Josh Cartu, a 45-year-old Canadian-Israeli “influencer” from St. Catharines, Ontario, has vaulted to the pinnacle of the high-stakes racing and luxury automobile world. As the son of a used-car dealer, his entry into life would take a rather unpredictable path when he entered the gambling software industry in Europe.
His flamboyant lifestyle, which included a fleet of Ferraris and a Rolls-Royce, caught the attention of hundreds of thousands of his followers on social media, further endearing him to the hearts of car enthusiasts and celebrity hobnobbers alike.
Everything seemed to be going well for Cartu in 2016 when Forbes Magazine featured him, his entrepreneurship, and his passion for race car driving. But behind the facade of high life, a storm was brewing.
Ferrari Fugitives
According to U.S. authorities, between 2013 and 2018, Cartu and his brothers, David and Jonathan—also known as the Ferrari Fugitives—were the ringleaders of a multi-million dollar fraud enterprise.

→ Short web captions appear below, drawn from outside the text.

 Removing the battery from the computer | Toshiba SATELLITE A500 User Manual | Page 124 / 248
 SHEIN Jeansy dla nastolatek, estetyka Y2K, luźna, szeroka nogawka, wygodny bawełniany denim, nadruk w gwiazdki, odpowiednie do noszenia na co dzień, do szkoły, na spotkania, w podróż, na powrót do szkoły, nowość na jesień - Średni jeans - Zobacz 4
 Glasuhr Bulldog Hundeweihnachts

The operation was based on the trade in binary options: a high-stakes investment that offers an individual a potential profit—or loss—on betting that an asset’s value will increase or decrease over a short period of time. While there is nothing inherently illegal about the use of binary options, several investigations are pointing out that the operation by Cartu was anything but legitimate.
The U.S. Commodity Futures Trading Commission charged Cartu with running a fraudulent binary options trading scheme that received over $165 million USD in connection with illegal, off-exchange binary options transactions. The brothers reportedly operated out of Israel, where binary trading options remained legal until 2017, using regulatory arbitrage to their advantage.

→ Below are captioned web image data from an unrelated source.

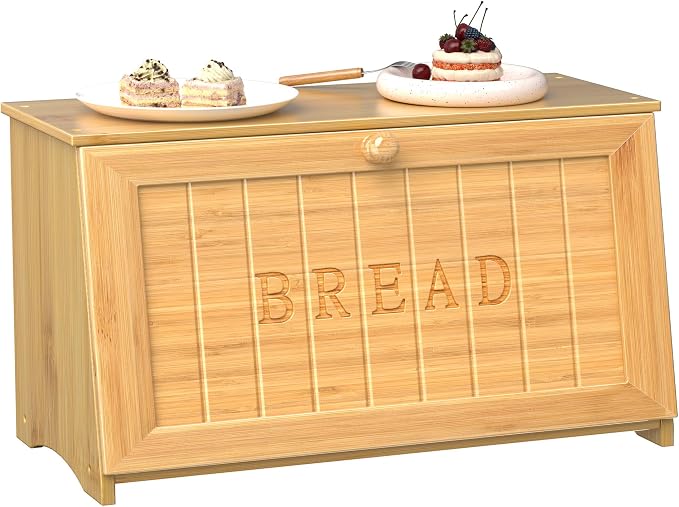 Vintage Bread Box for Kitchen Countertop, Retro Design Bread Storage Container, Farmhouse Wooden Counter Breadbox, Small Bamboo Bread Bin Holder for Homemade Bread, Natural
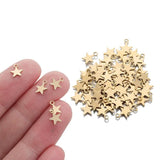 100pcs Raw Brass Star Geometry Charms for DIY Jewelry Making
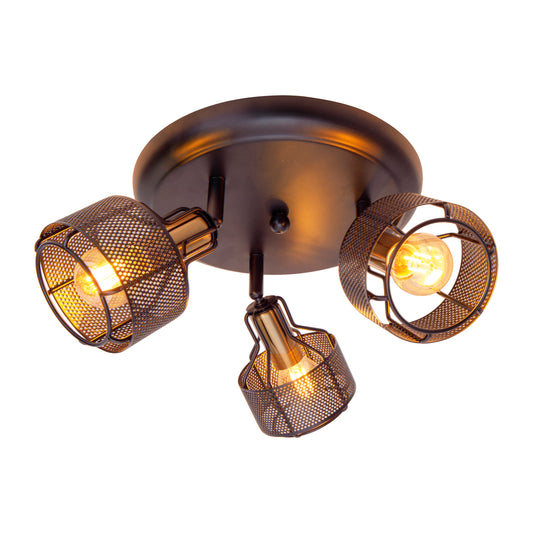 3er Wand-/Deckenrondell/Spot "FORO" Ø: 41cm schwarz/golden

The scale of the alleged fraud is vast. Financial regulators are estimating the Cartu brothers’ efforts to have raked in as much as $233 million USD.

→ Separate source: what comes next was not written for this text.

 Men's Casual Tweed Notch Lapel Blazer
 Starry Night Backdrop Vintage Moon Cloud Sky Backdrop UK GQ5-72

In 2021, the U.S. government filed a fraud lawsuit against Cartu, among others, citing that they conspired to commit wire fraud. More charges come overseas, where the Ontario Securities Commission also said that in 2020, Cartu and his co-conspirators illegally obtained $1.4 million USD from about 700 Ontario investors.
Due to outstanding warrants and charges, Cartu was detained on August 19 at St. Petersburg at Pulkovo International Airport by the Russian Interior Ministry’s Interpol bureau. However, a Russian court released him on August 24 because U.S. officials had not filed the official request for extradition with their Russian counterparts.
Russia and the U.S. do not have an extradition agreement, but the two countries carried out a high-profile prisoner swap at the beginning of the month. It remains to be seen if the U.S. will officially request the extradition of someone once seen as a glamorous person behind the wheel.